*Your goal*
Look below for the line holding "Ergonomické Zdravotní Kancelářské" and the line holding "English Springer Spaniel Coloring". Transcribe exactly those lines and all lines between them, nothing more.

*Data excerpts*
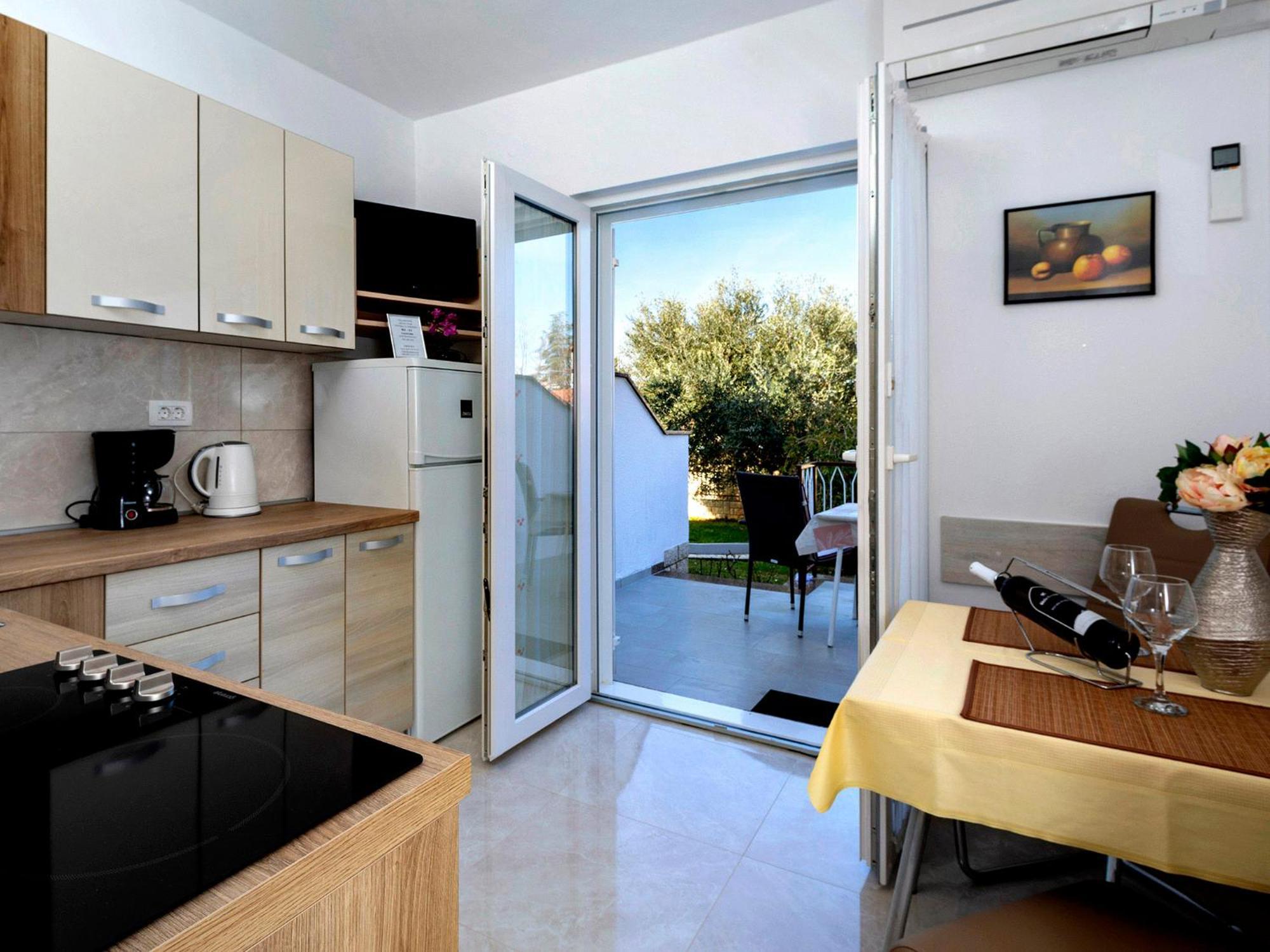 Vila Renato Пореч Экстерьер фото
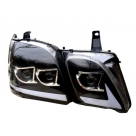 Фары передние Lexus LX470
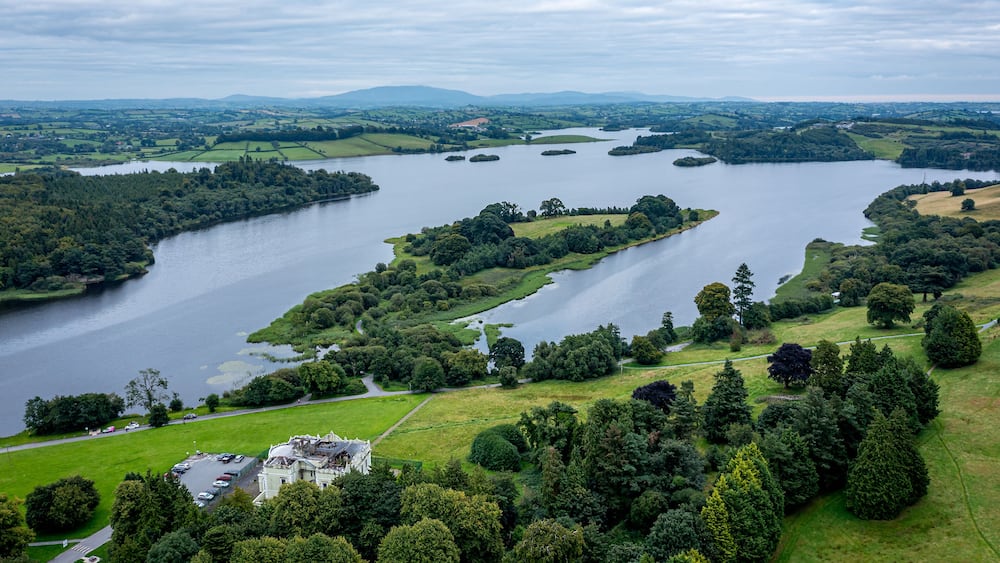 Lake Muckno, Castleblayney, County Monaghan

...

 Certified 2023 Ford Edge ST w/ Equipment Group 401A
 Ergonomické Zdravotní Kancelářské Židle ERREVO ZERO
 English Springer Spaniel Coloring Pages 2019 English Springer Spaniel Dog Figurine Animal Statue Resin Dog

--

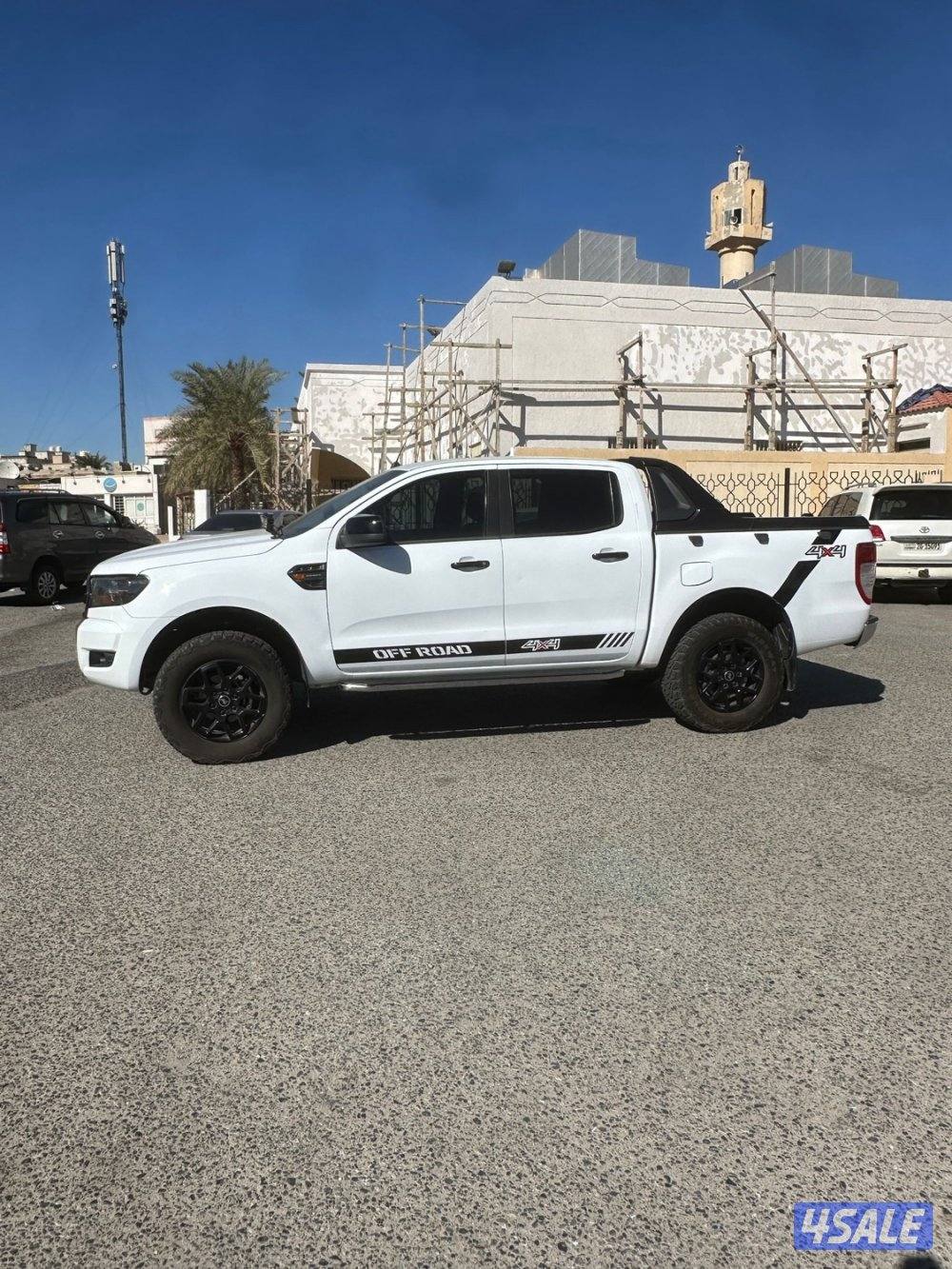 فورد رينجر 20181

*Solution for this problem*
 Ergonomické Zdravotní Kancelářské Židle ERREVO ZERO
 English Springer Spaniel Coloring Pages 2019 English Springer Spaniel Dog Figurine Animal Statue Resin Dog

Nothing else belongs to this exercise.